Applying PID directly to higher-dimensional systems can sometimes work adequately (industrial robots), but performance degrades when individual DOFs are coupled (vehicle control).
Simulation is widely used in the study of control stability and performance in response to disturbances.
LTI systems admit many analytic tools for control design, such as eigendecomposition and pole placement.
Analytical methods for control design in nonlinear systems include linearization, Lyapunov functions, and Poincaré maps.

Exercises¶

Analyze the conditions necessary for convergence of a second-order driftless LTI system $\ddot{x} = ax + b\dot{x} + cu$ under PI control. What conditions must be satisfied for the controller's gain constants to be overdamped, underdamped, and critically-damped?
Implement a PID controller for the pendulum swing-up system with $m=1 kg$, $L=1m$, $g = 9.8m/s^2$ and $u_{max} = 20N$. Using simulation, tune the gains to achieve low settling time, lower overshoot, and rare saturation of the control. (Don't forget to use the angular difference rather than simple distance!)

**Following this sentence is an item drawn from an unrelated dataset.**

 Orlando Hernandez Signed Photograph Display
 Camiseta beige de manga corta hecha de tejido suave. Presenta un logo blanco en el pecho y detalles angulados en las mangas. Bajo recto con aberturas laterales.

Why is there a relationship between the proportional gain and with control frequency $1/\Delta t$ in a PID controller? Analyze stability for an LTI system and determine the maximum gain that would not go unstable.
Using a simulation of the pendulum-swing up problem, empirically test the stability of a PID controller problem when the pendulum is near the vertical position $\theta \approx \pi/2$. Investigate how far the initial state can deviate from vertical, with the parameters $m=1 kg$, $L=1 m$, $g=9.8 m/s^2$, $k_P=10$, $k_D=2$, and $u_{max} = 5 N \cdot m$.